Can’t help it, gotta link the whole screenshot, thanks Mike from Chicago! :) So exciting! I also like the fact that after I posted on The Guild website about the iTunes upload, we got a lot of five dollar donations from people who downloaded for free but wanted to contribute. The Guild fans are fantastic :)

It’s been a crazy week for me, I did some ADR for “Prairie Fever” (Where you go to a studio and re-record lines from a movie that aren’t useable from the original production sound. Basically watching your face speaking a word and re-recording the word to fit your lips, weird stuff!) I had a bunch of commercial auditions (Thank goodness for commercials) and I had tons of Guild stuff. After being featured on YouTube, the correspondence flooded in and it falls on me to deal with it. I don’t mind most of it, but it’s the weird racist and offensive comments that I have to remove from the videos that really make me chuckle. I chuckle only because it’s the only thing I can do. I have a laughing reflex that is really inconvenient. It’s like when I hear a horrible story where someone’s falling off a roof or getting hit by a car (not fatally of course), It’s my “go-to” for uncomfortable situations. Awkward.

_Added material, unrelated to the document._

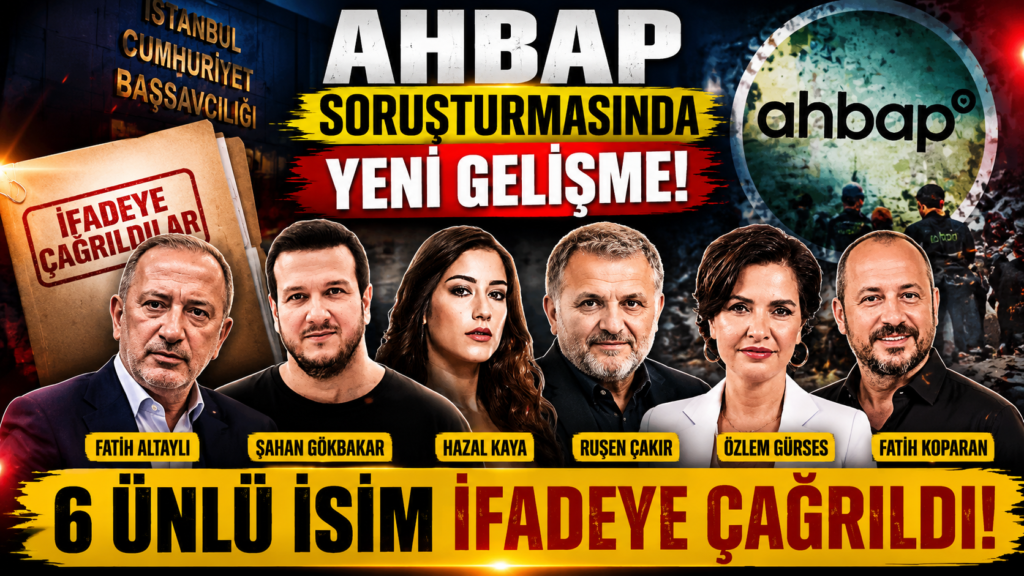 Ahbap Dosyasında Şok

Back to the YouTube comments though. Some of the things people post…why in the world would this stuff ever occur to someone?! What’s the motivation? And I hate to generalize, but when I click on their profiles…a lot of them are 20-somethings from Norway. SERIOUS! Is flaming people a Norwegian thing or is it some joke that people do when they create a profile to flame videos? Who knows. Suffice it to say, most the day of the feature I was refreshing and removing. We got a lot of hits though! :)

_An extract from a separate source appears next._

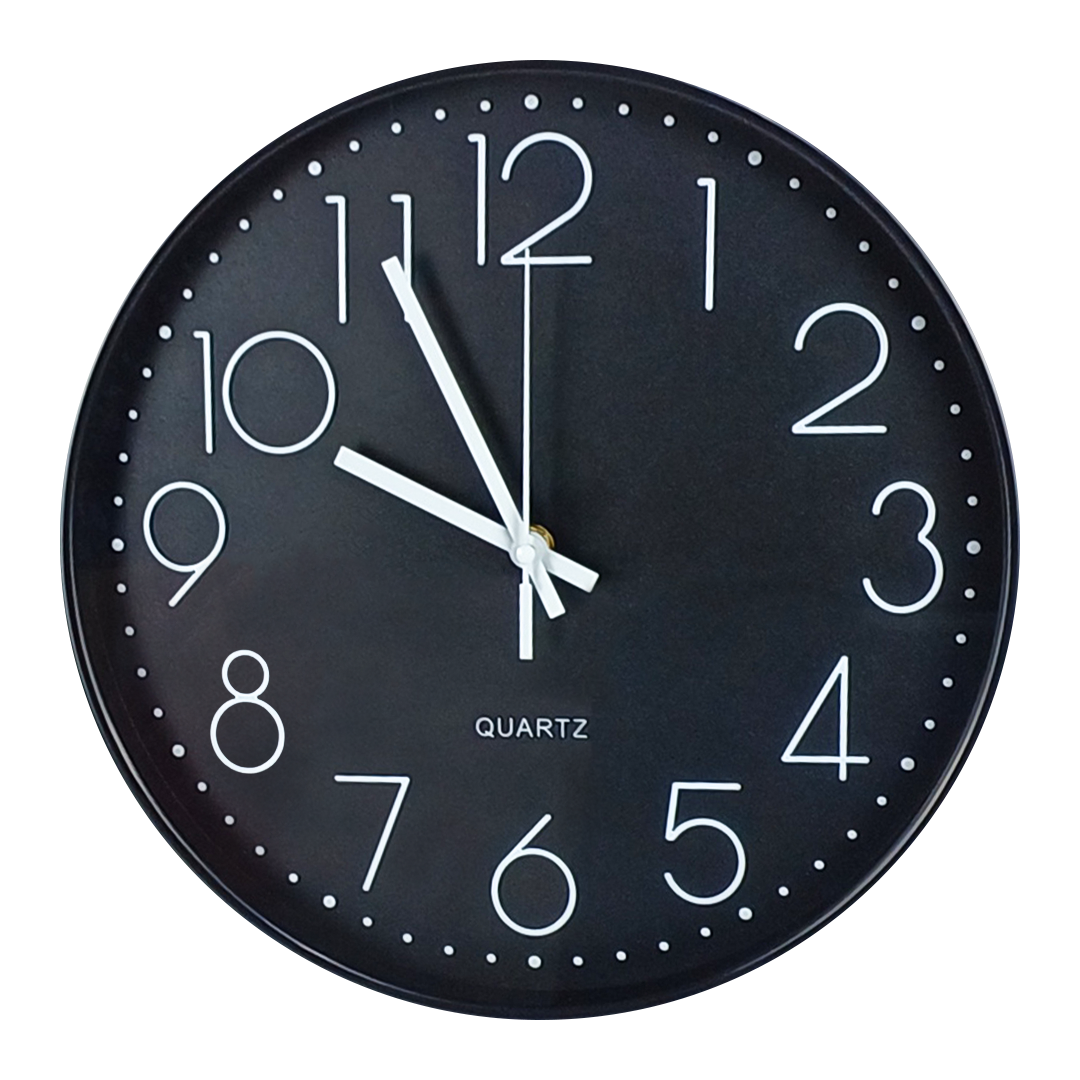 벽시계 무소음 사무실시계 거실 벽걸이 건전지 제공, 블랙 5,300원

I’m kind of sad this week because my improv theatre, The Empty Stage is shutting down due to rent increases. It’s been my “funny” home for 8 years, it was the first place I ever though “gee, I like comedy!” Also the place where Vork and Zaboo (Jeff and Sandeep) and I met. There are so many talented people there, and the atmosphere is so unlike LA; Very supportive and non-competitive. I really found my joy there. Hopefully the theatre will open somewhere else later this year, but for the interum, after the theatre closes at the end of Feb, the improv group I’m in “Being Humans” is going to try to find another place to perform. I’ll let everyone know!

I think everyone should study improv. No matter what your career, what your goals, learning to trust yourself and free your subconscious in a “playground” atmosphere is the greatest gift you can give yourself. A lot of you have expressed interest in hearing from me about acting as a profession, as an art form, as a lifestyle in Hollywood, etc. I can honestly say that I found my love of acting through improv. Before that, I was locked into what I was “supposed to do” with a line, completely in my head about what I was planning. Studying improv gave me the freedom to explore the “WHY” of the lines, and gave my subconscious a say in what I was doing; it lets me become spontaneous and helps me “own” the material.

There is nothing more wonderful than relaxing enough that you surprise yourself in improv. Something comes out of your mouth that takes YOU by surprise, and everyone around you laughs. Like last night, we created a whole scenario around something I said about “mouth-babies.” You had to be there, but it was really funny, and just a total random thing that came out of my mouth. And my fellow improvisers took it and ran with it, made it into something hysterical. It’s an incredible feeling, when you’re working right, focusing off yourself, and onto your partner. Improv teaches you on many levels to trust yourself and others. Tell me a career that wouldn’t come in handy!

And you don’t have to be funny to do it (or think you’re funny). It’s what we did as children, there’s no reason we can’t keep doing it now. :) I urge you, if you ever had the impulse to act, to go check it out one of your local improv theaters. Or check out my favorite group anywhere, Improv Everywhere where they do spontaneous improv “stunts” like freeze in place for 5 minutes in the middle of Grand Central Station. Makes me wish I lived in NYC!